[ENTRIES SHOWN — start]
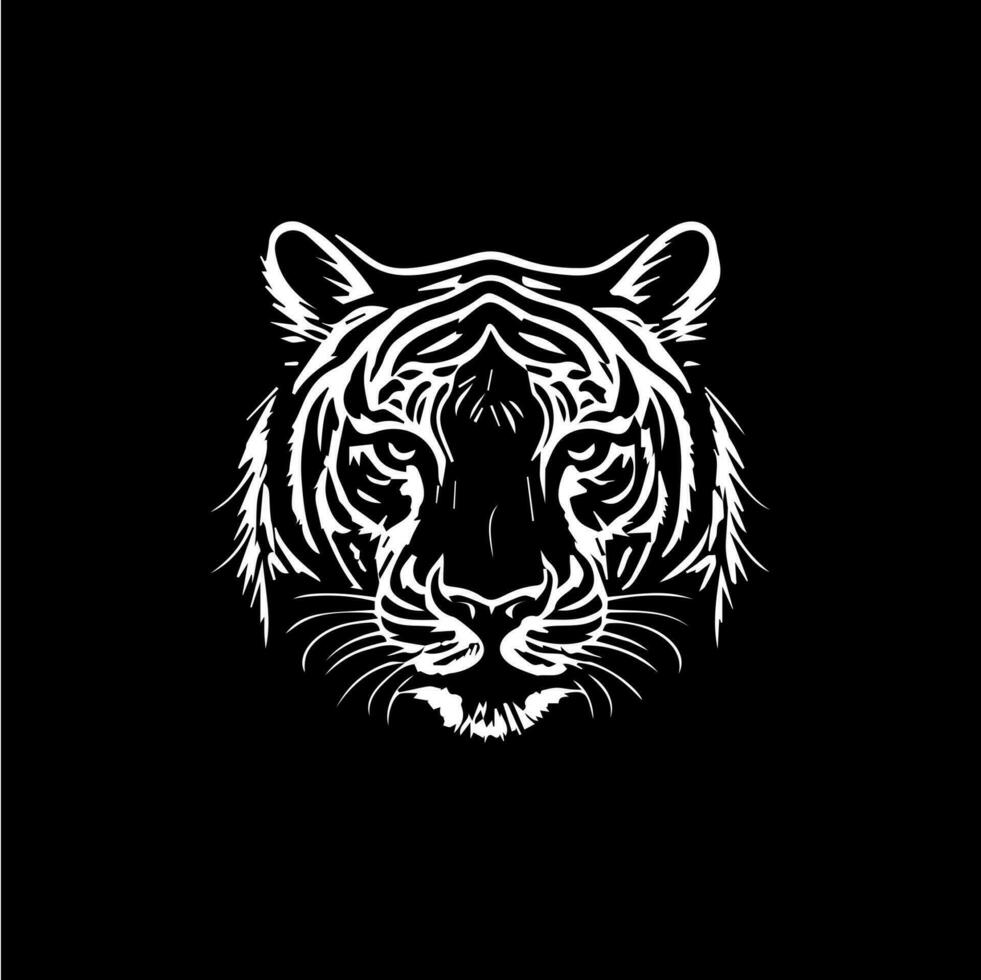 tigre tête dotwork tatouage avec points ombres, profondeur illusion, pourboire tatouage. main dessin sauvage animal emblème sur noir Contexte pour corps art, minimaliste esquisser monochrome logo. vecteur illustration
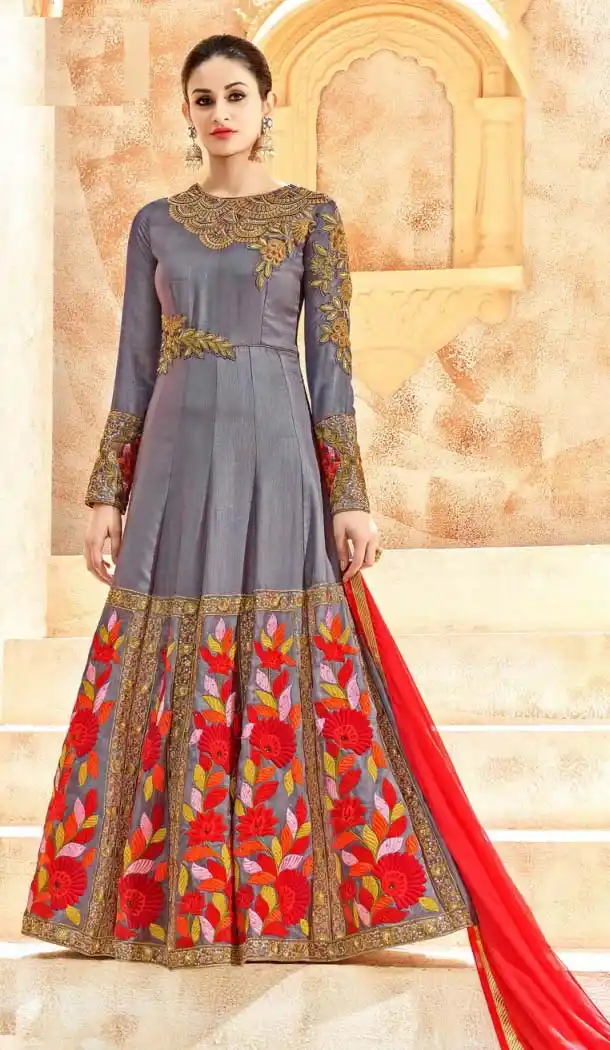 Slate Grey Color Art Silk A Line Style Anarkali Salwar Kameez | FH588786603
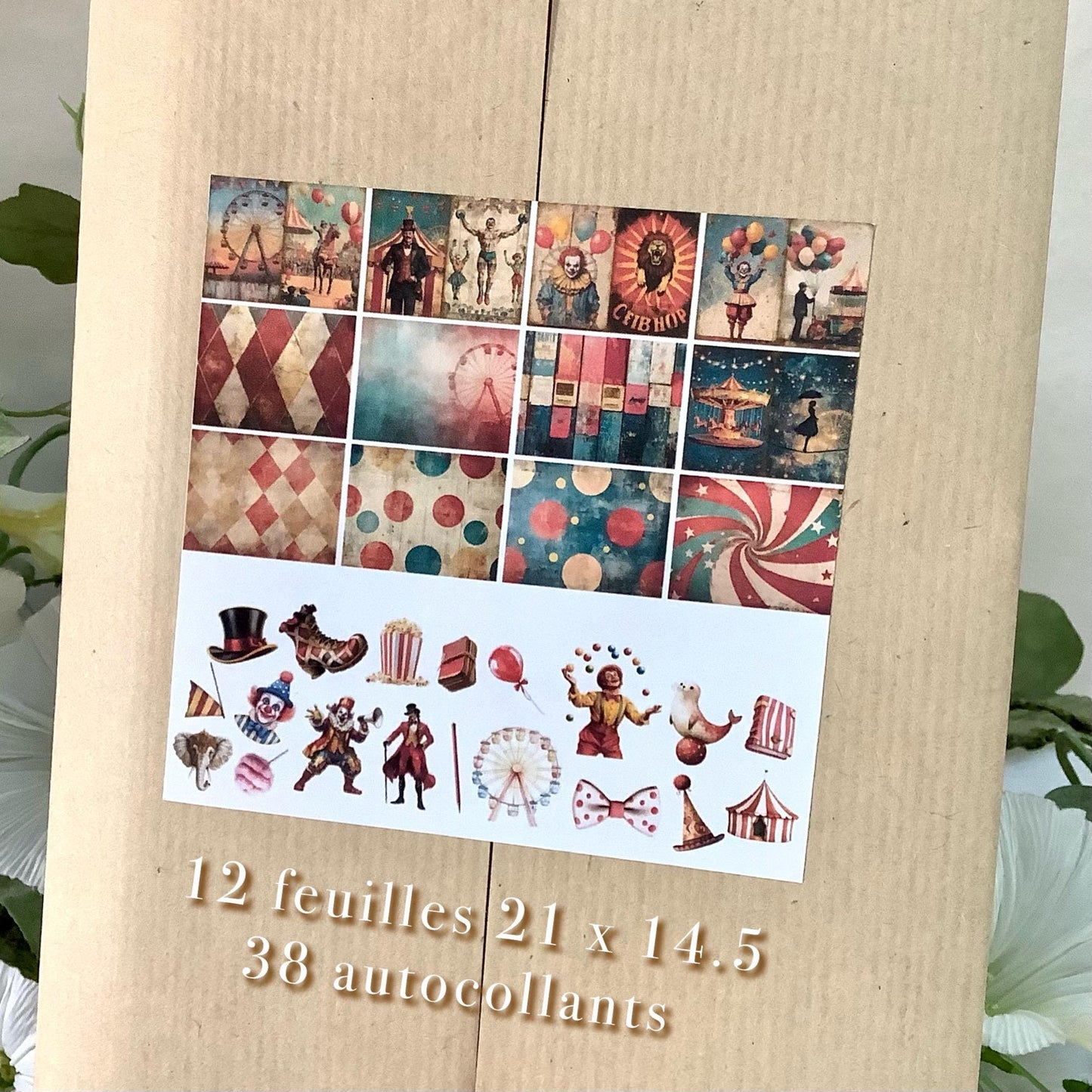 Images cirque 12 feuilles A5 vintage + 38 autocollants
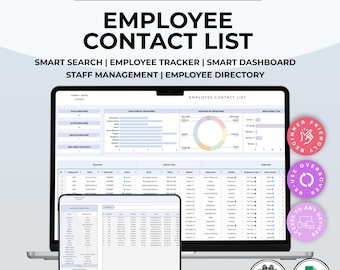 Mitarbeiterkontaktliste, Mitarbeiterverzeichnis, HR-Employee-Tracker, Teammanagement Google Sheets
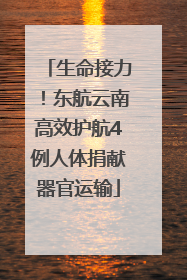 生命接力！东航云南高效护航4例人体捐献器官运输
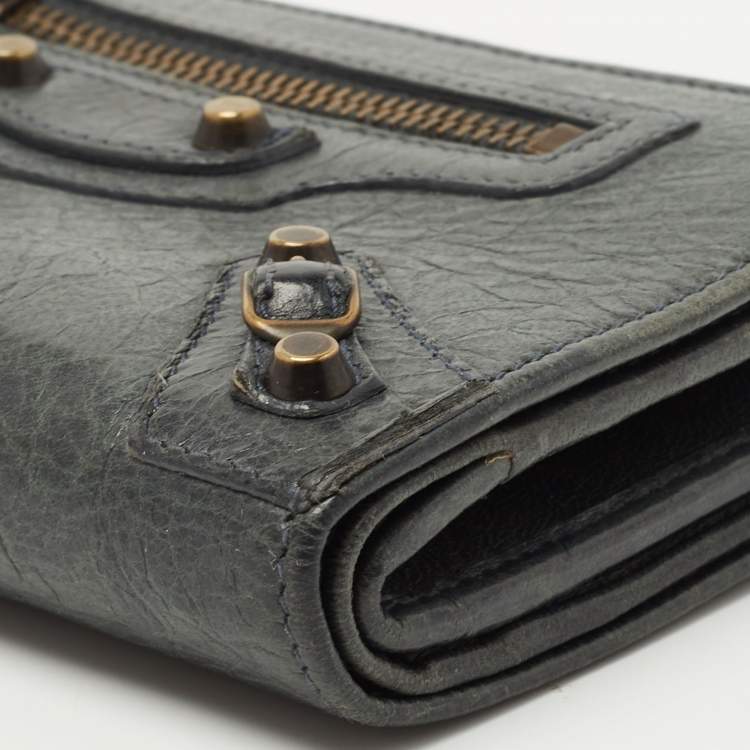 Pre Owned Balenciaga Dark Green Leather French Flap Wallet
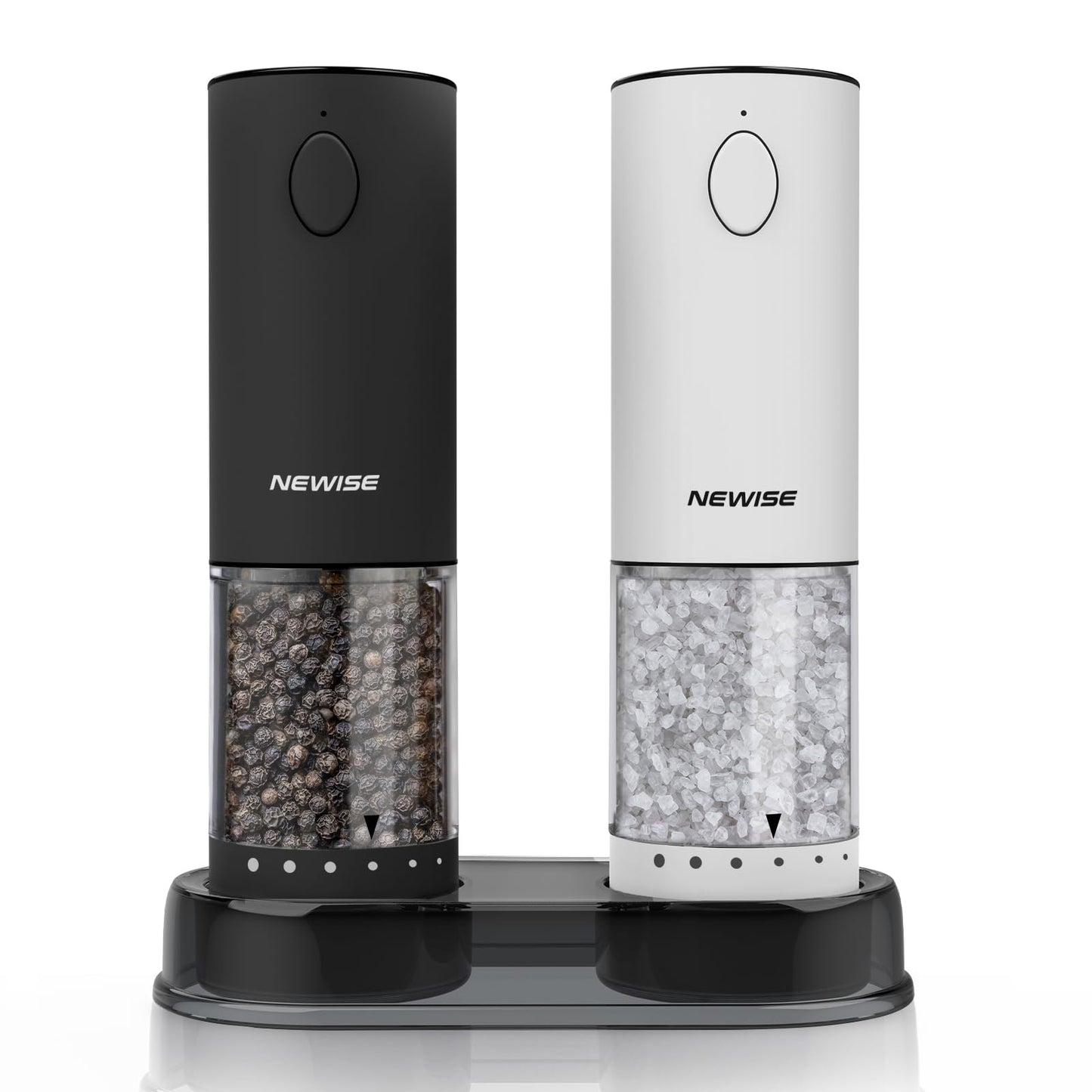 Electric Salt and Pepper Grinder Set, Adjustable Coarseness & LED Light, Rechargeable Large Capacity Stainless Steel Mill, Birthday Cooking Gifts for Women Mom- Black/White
[ENTRIES SHOWN — finish]
[ENTRIES SHOWN — start]
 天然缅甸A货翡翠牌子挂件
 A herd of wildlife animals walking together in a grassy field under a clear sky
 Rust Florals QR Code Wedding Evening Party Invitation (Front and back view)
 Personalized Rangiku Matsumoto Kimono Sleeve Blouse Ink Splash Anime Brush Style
[ENTRIES SHOWN — finish]
▸ **ASSIGNED TASK**
In the listing above, find the line with "天然缅甸A货翡翠牌子挂件" and the line with "Personalized Rangiku Matsumoto"; set down exactly those two lines and every line between them, nothing more.

▸ **TASK RESULT**
 天然缅甸A货翡翠牌子挂件
 A herd of wildlife animals walking together in a grassy field under a clear sky
 Rust Florals QR Code Wedding Evening Party Invitation (Front and back view)
 Personalized Rangiku Matsumoto Kimono Sleeve Blouse Ink Splash Anime Brush Style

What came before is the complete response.